## Task goal:
Find the line below with "PoulaTo: 50 Σποροι Κιτρινο Τριανταφυλλο" and the line with "Mini Goldendoodle dogs". Output them and the lines between, exactly, but not the pictures.

## Data section:

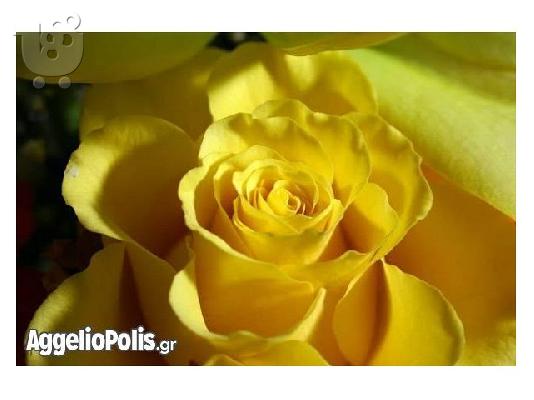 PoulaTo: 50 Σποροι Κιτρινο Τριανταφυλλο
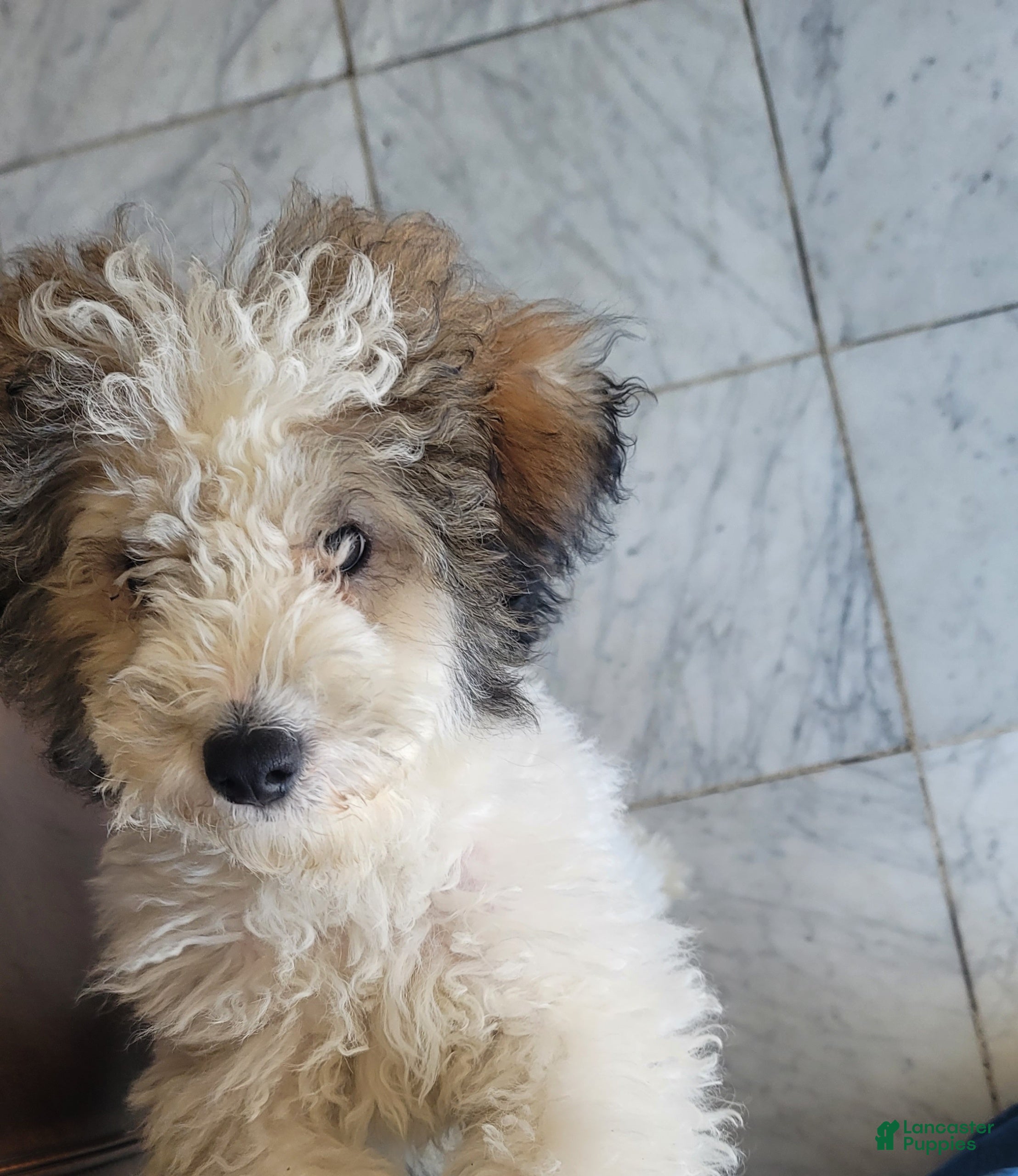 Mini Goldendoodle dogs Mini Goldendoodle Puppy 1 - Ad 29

...

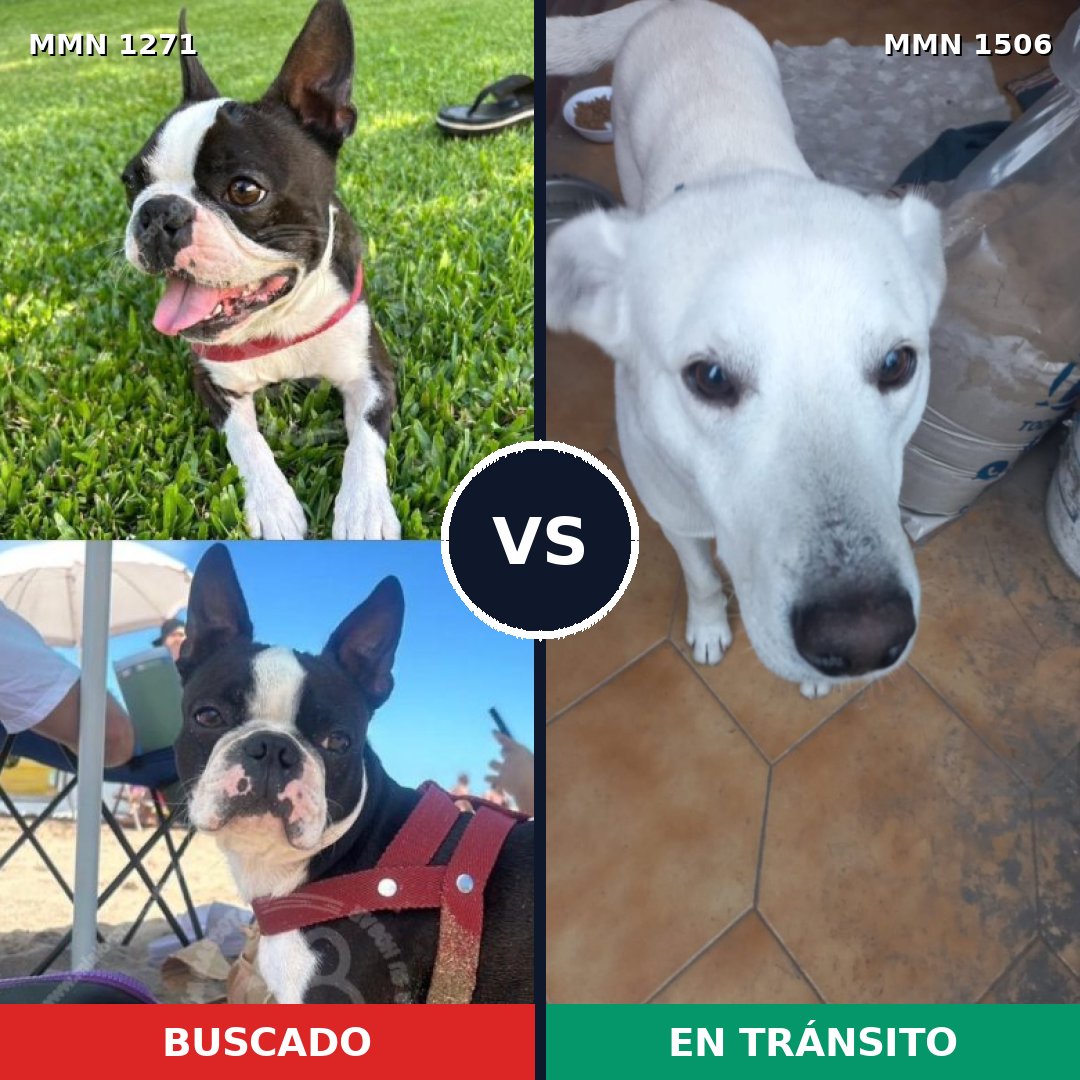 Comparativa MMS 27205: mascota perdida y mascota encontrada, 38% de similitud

...

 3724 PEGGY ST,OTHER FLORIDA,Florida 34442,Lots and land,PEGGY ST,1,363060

## Answer section:
 PoulaTo: 50 Σποροι Κιτρινο Τριανταφυλλο
 Mini Goldendoodle dogs Mini Goldendoodle Puppy 1 - Ad 29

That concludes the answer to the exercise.